Requirement
Lines from the one containing "Key Stone Brown" through the last line of the data are to be returned exactly, both ends included, minus any pictures.

Dataset excerpts:
▼▼▼

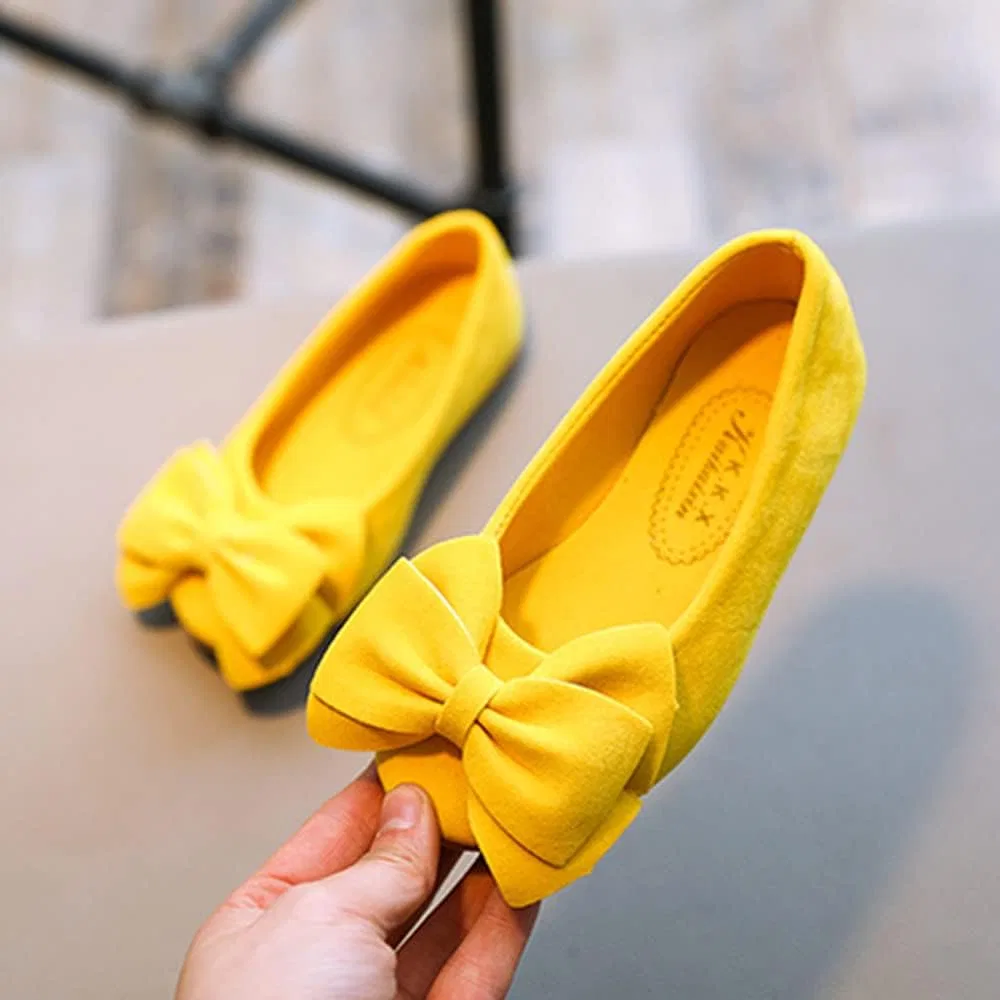 Детские туфли-балетки для девочек с бантом BININBOX, Yellow — фото 2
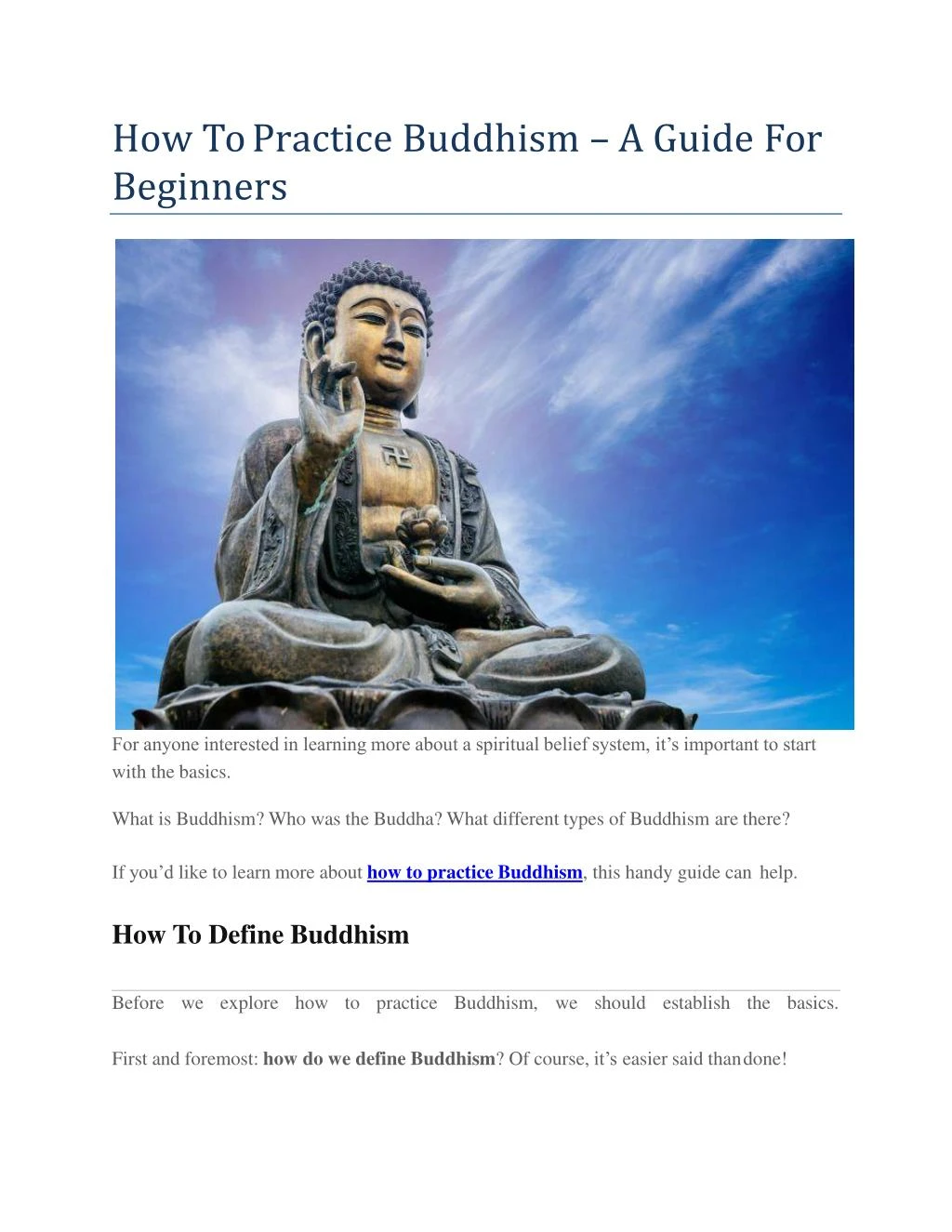 PPT - How To Practice Buddhism – A Guide For Beginners PowerPoint ...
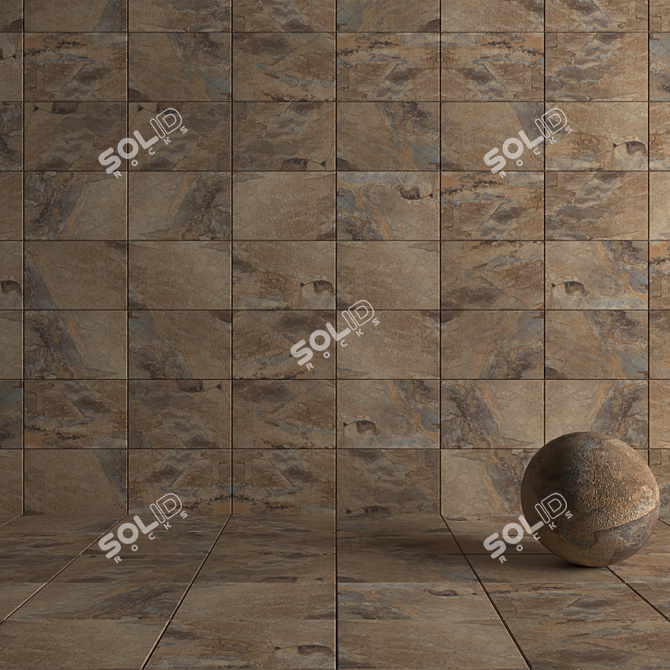 Key Stone Brown Stone Wall Tiles 3D model image 3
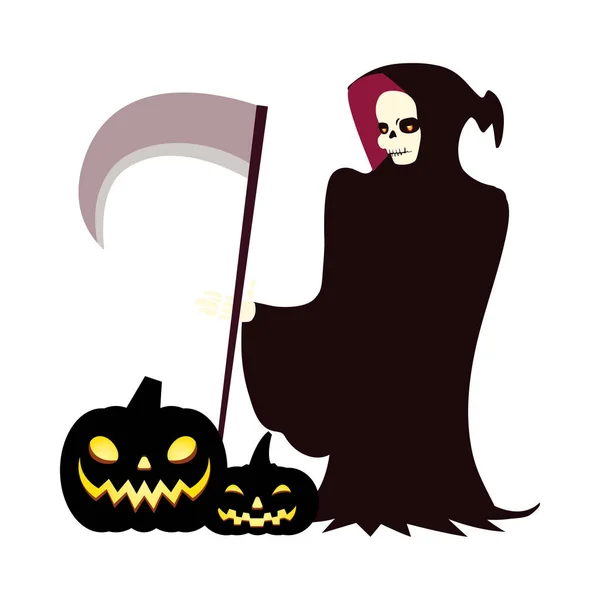 Dibujos animados de Halloween muerte con diseño de vectores pumkins — Vector de stock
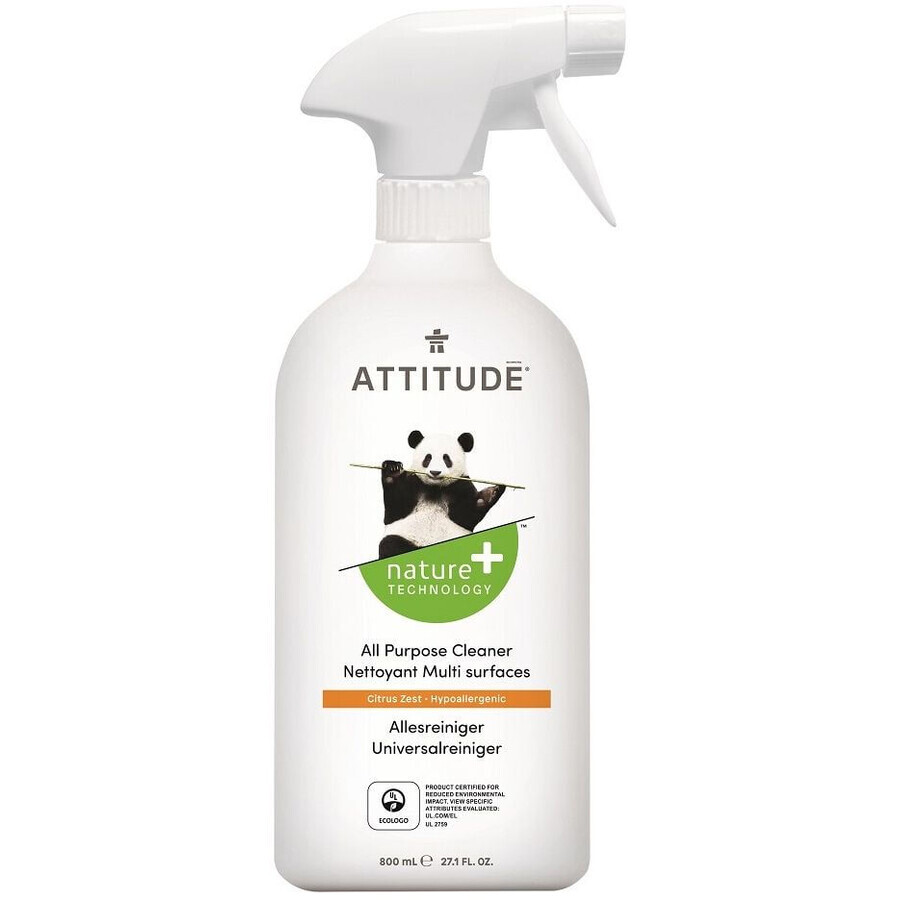 Attitude Detergent universal cu spray cu aromă de coajă de lămâie 800 ml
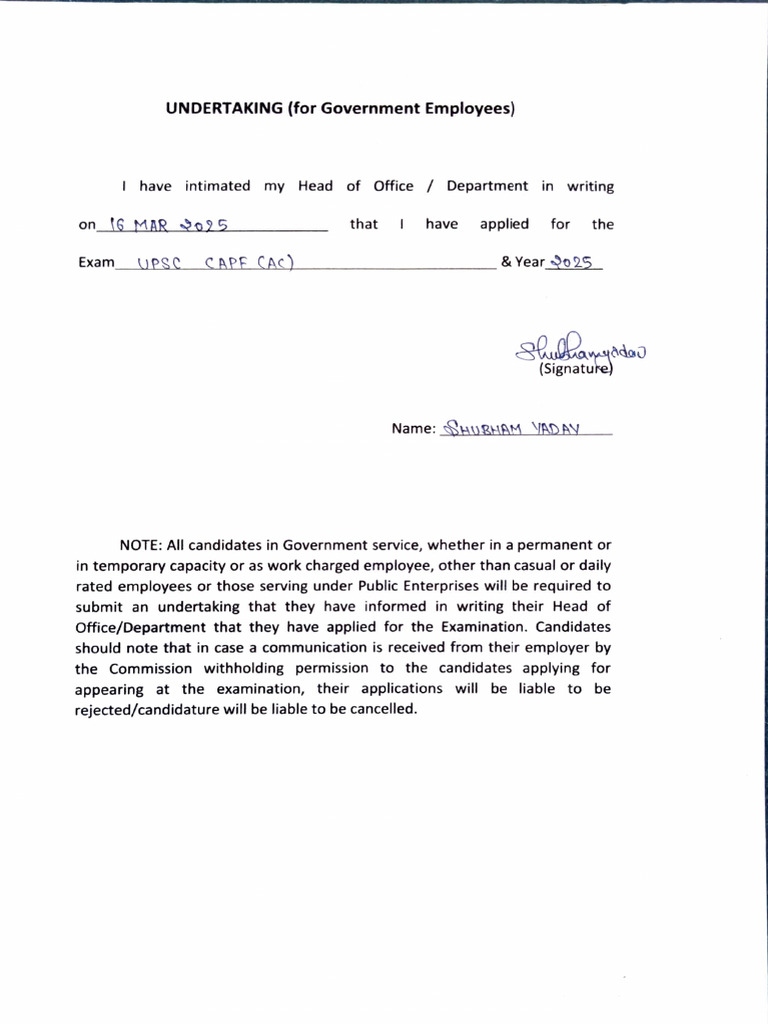 Government Employee Exam Undertaking Form | PDF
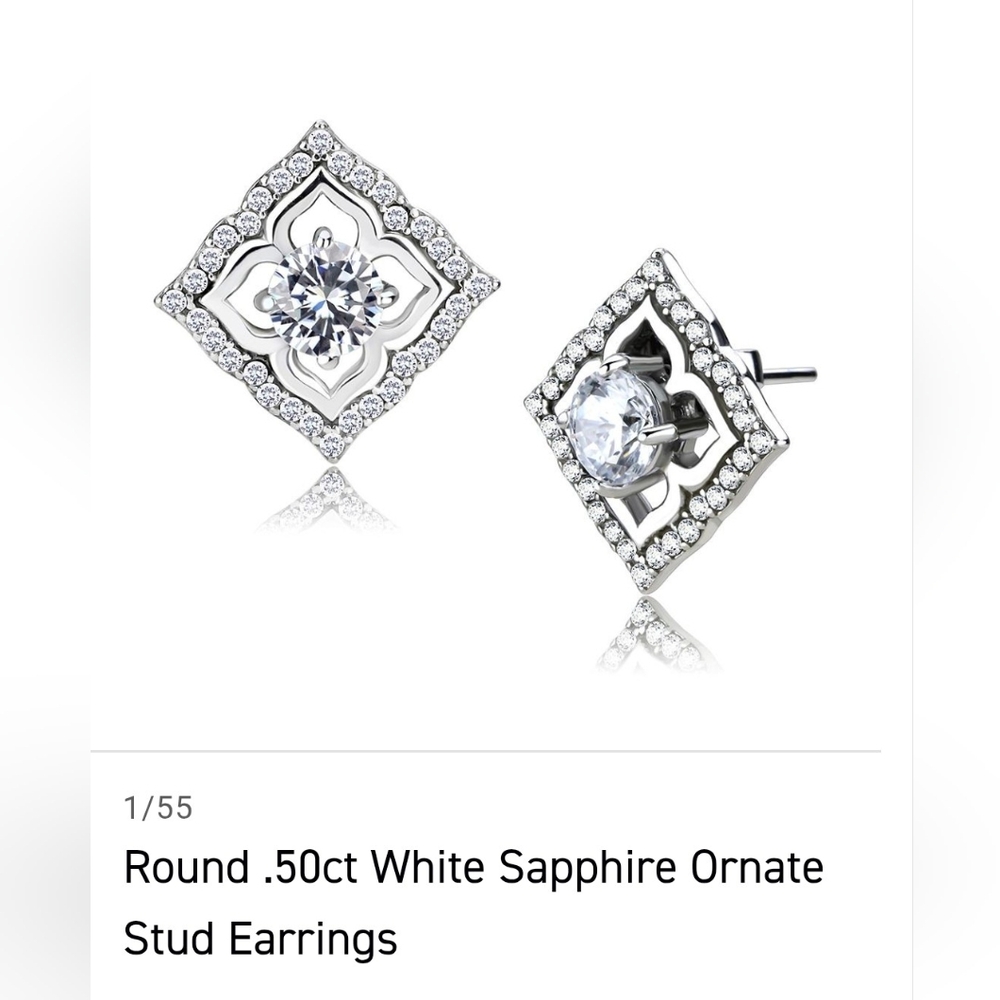 Elegant Silver and White Sapphire Earrings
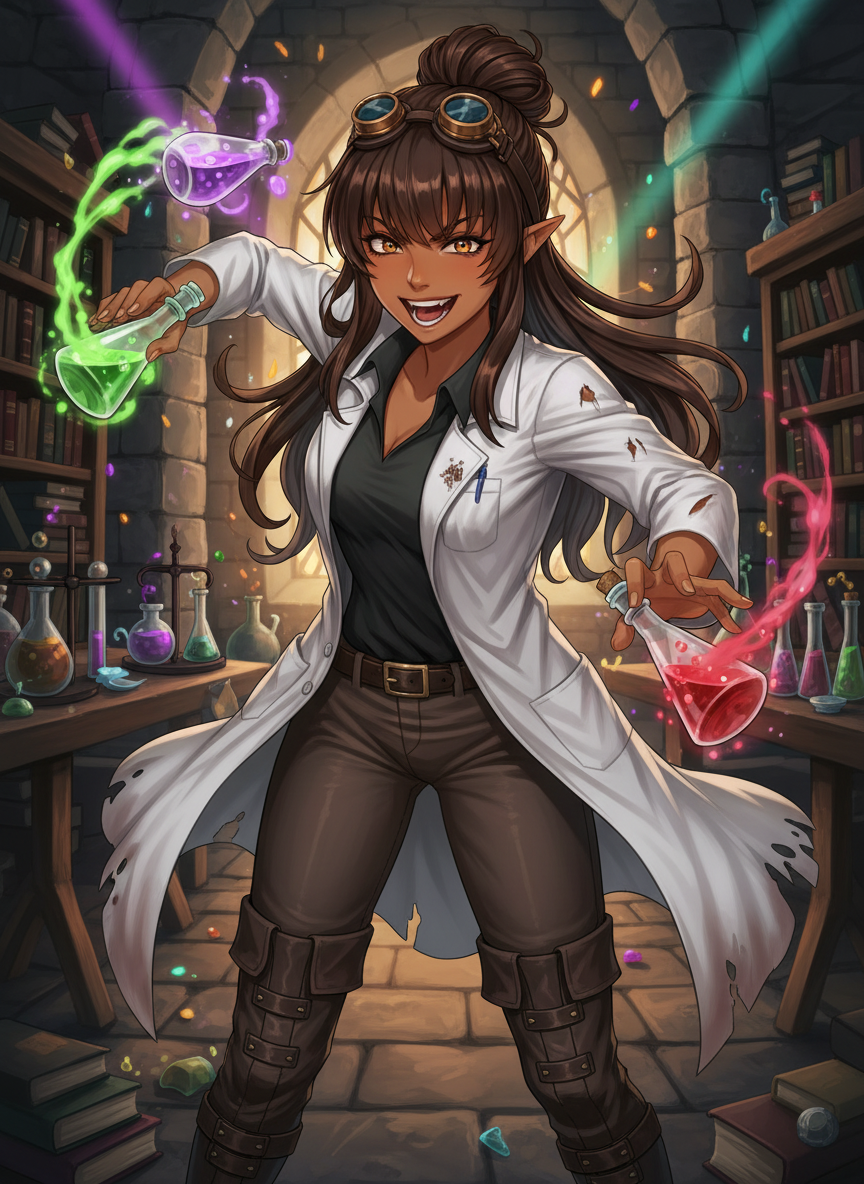 <alyssia-5hMB>, brown ram horns, evil , laughing, lab coat, capri pants, knee high boots, steampunk goggles, bun, straight bangs, castle, alchemy room, ambient light, upper body, throwing potions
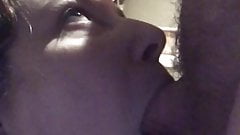 Selfie blowjob and deepthroat, showing off cock sucking skills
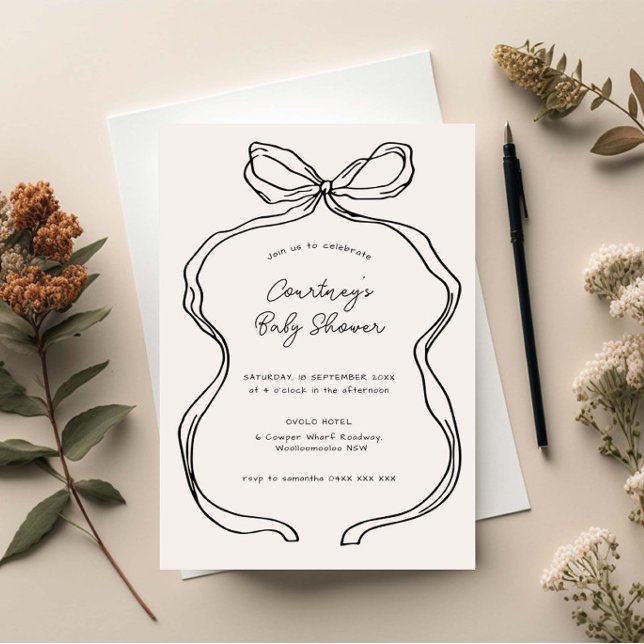 Hand Drawn Whimsical Ribbon Border Baby Shower Invitation (Creator Uploaded)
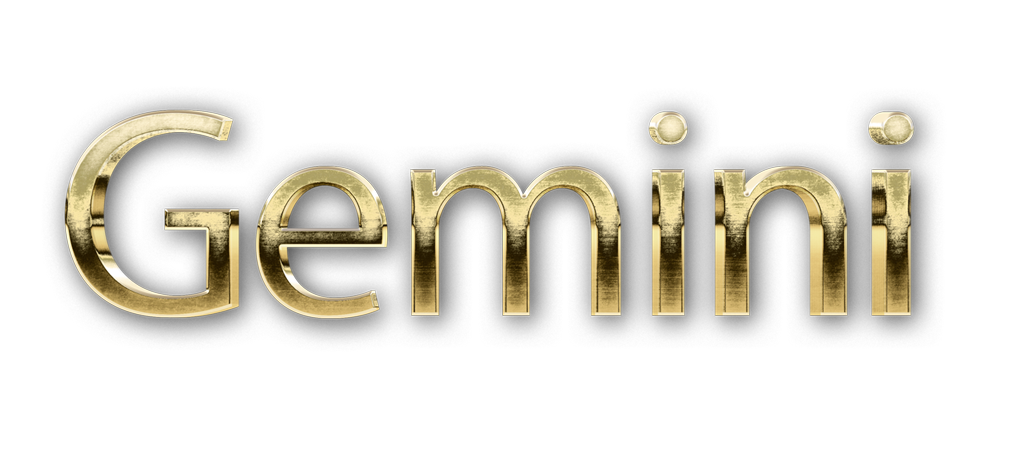 zodiac sign word GEMINI golden 3D text typography PNG images free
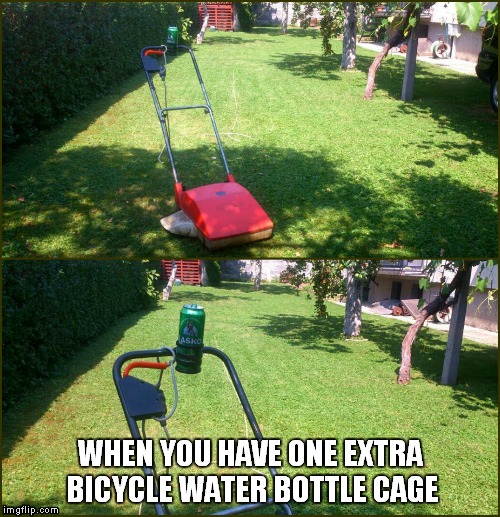 WHEN YOU HAVE ONE EXTRA BICYCLE WATER BOTTLE CAGE | image tagged in water bottle cage,beer,hold my beer,cyclist,biker,funny bicycle | made w/ Imgflip meme maker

▲▲▲

Expected answer
 Key Stone Brown Stone Wall Tiles 3D model image 3
 Dibujos animados de Halloween muerte con diseño de vectores pumkins — Vector de stock
 Attitude Detergent universal cu spray cu aromă de coajă de lămâie 800 ml
 Government Employee Exam Undertaking Form | PDF
 Elegant Silver and White Sapphire Earrings
 <alyssia-5hMB>, brown ram horns, evil , laughing, lab coat, capri pants, knee high boots, steampunk goggles, bun, straight bangs, castle, alchemy room, ambient light, upper body, throwing potions
 Selfie blowjob and deepthroat, showing off cock sucking skills
 Hand Drawn Whimsical Ribbon Border Baby Shower Invitation (Creator Uploaded)
 zodiac sign word GEMINI golden 3D text typography PNG images free
 WHEN YOU HAVE ONE EXTRA BICYCLE WATER BOTTLE CAGE | image tagged in water bottle cage,beer,hold my beer,cyclist,biker,funny bicycle | made w/ Imgflip meme maker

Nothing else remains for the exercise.